Act without expectationI think we can all recognize quiet help when we see it. Quiet help is what we witness when we see a stranger helping another stranger, reach something on the high shelf at the supermarket. Quiet help is found in volunteerism. Quiet help can be found in financial donations, when there are few beans to ration, but they are rationed nonetheless. Quiet help is a kind word. Quiet help is where we find true happiness, it is the place we go to turn our positive energies outward. More than all of these, quiet help is giving of ourselves without expectation of something in return. I think this quote (Dao De Jing, Ch 77), speaks to this point (bold mine).

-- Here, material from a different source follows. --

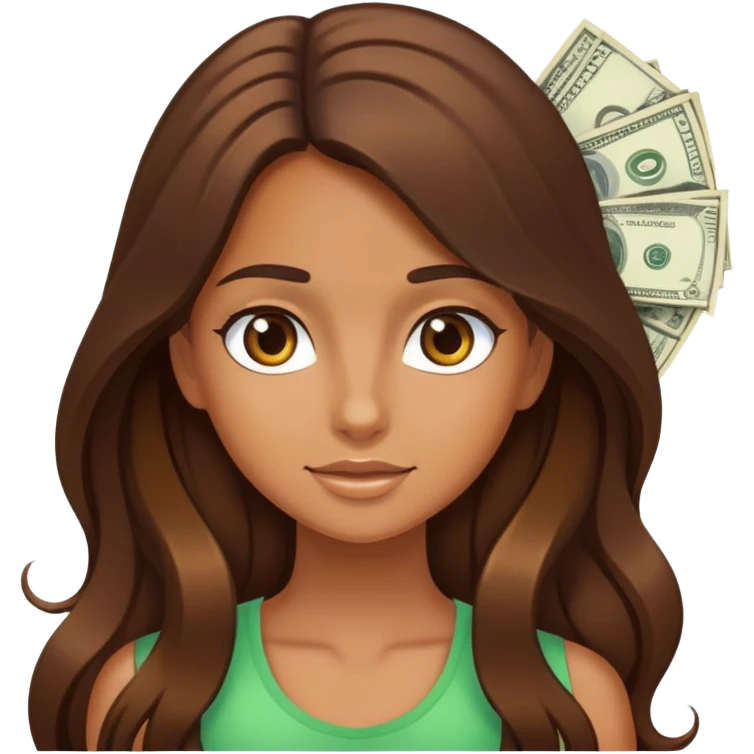 tanned girl with long brown hair and lots of money emoji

The Master can keep giving
because there is no end to her wealth.
She acts without expectation,
succeeds without taking credit,
and doesn’t think that she is better
than anyone else.
– Lao Tzu

The Dalai Lama is quoted for having said, “Being aware of a single shortcoming within yourself is far more useful than being aware of a thousand in someone else.” One of my shortcomings is not giving enough help to others. My excuse is I haven’t found as much opportunity to help others as much as I would like. Rather, I should say, not enough opportunity to extend my help has fallen conveniently into my lap, and so they’ve gone unfound. Part of my spiritual journey is to be mindful about this shortcoming, and to more actively seek out opportunities to give help, in the face of feeling unsure of myself, feeling awkward, fearing rejection, and recognizing that all the things that hold me back are the result of my own ego.

I am grateful, though, that this weekend one of those opportunities fell into my lap, and I lept at the chance to offer my help. As much as my ego wants to write all about how amazing I am, I will just say by getting involved in something and offering my help, I was inundated with a tremendous amount of energy, excitement and enthusiasm. This Sunday night, I am left feeling an overwhelming sense of contentment for having been able to quietly give of myself.